Tuesday, October 30, 2018
Kingston has storied history. This Hudson River city was the first capital of New York before it was burned by the British in 1777, and it lived richly in the 19th Century as important rail and canal transit hub. The oldest still-standing church, First Reformed Protestant Dutch Church of Kingston, was organized in 1659. The City’s three historic districts draw visitors for historical reenactments, trendy shops and riverfront festivities. The walkable 8-block Uptown Stockade District is an early settlement filled with Dutch buildings.
Kingston has also found fame for its modern public art. The 2000s brought a steady stream of wall murals to the city’s streets, some occupying the entire side of buildings. Themes vary and include environmentalism, migration, recognition of indigenous heritage, and other social justice issues. Works are dispersed throughout the city and visitors can stop at the arts council for a map enabling a self-guided tour. More murals are revealed each year during the annual O+ arts and music festival.

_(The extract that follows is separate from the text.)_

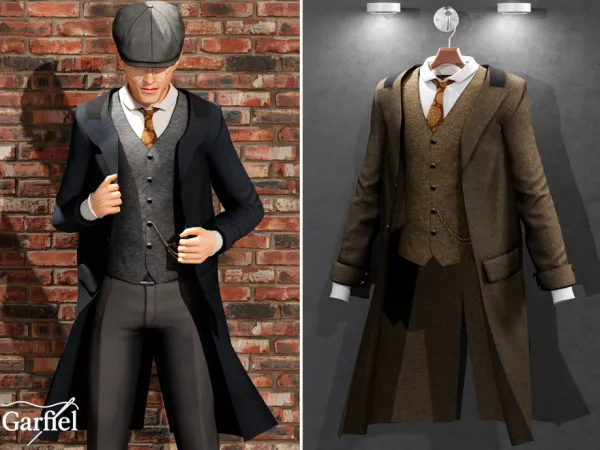 Alpha Adult Top Vintage coat with vest and tie by Garfiel - The Sims 4 Custom Content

Many residents welcome the artworks and the business the festival brings each year, but the works find the dismay of some historical preservationists. How can a striking 20-foot-long Atlantic sturgeon painting get approval on a street where laws dictate paint colors must blend with and complement others? How can a 6-story mural of the Greek goddess Artemis cover decades-old historic advertisements painted on buildings? There are a bunch of answers that draw ideas from the U.S. Constitution’s protection of freedom of expression, the transient nature of wall art, and the need for neighborhoods to avoid stagnation and attract new generations.

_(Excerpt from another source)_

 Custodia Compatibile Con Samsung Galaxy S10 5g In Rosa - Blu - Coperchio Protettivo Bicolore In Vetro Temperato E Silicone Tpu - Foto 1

Wednesday, October 10, 2018
Newburgh Open Studios was last month and one of the stops was Glenlily Grounds off Grand Avenue. The site featured 29 artist with works throughout the 11-acre property that incudes fields, steep hills, and a path through woods. Mediums included metal, acrylic, and more. One display was a group of carved stone faces by Renee Ludwiczak at the edge of a hill overlooking the Hudson River. Some faces hung on a tree or nestled in the base and trunk of a tree, while a grouping sat upright on flat stones. The works look like miniature expressions of the Moai statues of Easter Island, a remote region off the coast of South America.
Moai are large stone carvings shaped as humans. Over 900 statues have been found, the tallest measuring over 30 feet tall. The works are a spectacular feat considering they were created and transported between 1250AD and 1500AD. Just as Ludwiczak’s pieces were carved from different varieties of stone, Moai were formed from such materials as compressed volcanic ash, basalt and trachyte. Debate continues today as about how the statues were transported from a quarry where they originated. Theories extoll dozens of people rolling the statues across the ground on logs or “walking” them upright with ropes. Some statues found lying on the ground are thought to have fallen accidentally during their walk and could not be lifted back up. Researchers, puzzled by the existence of unfinished statues on this desolate island, seek to understand why people left. Land clearing, rat infestation, climate change and deforestation made the region unsustainable for agriculture, fishing, and farming, and the population was affected by Christian missionaries who encouraged natives to abandon their culture and customs.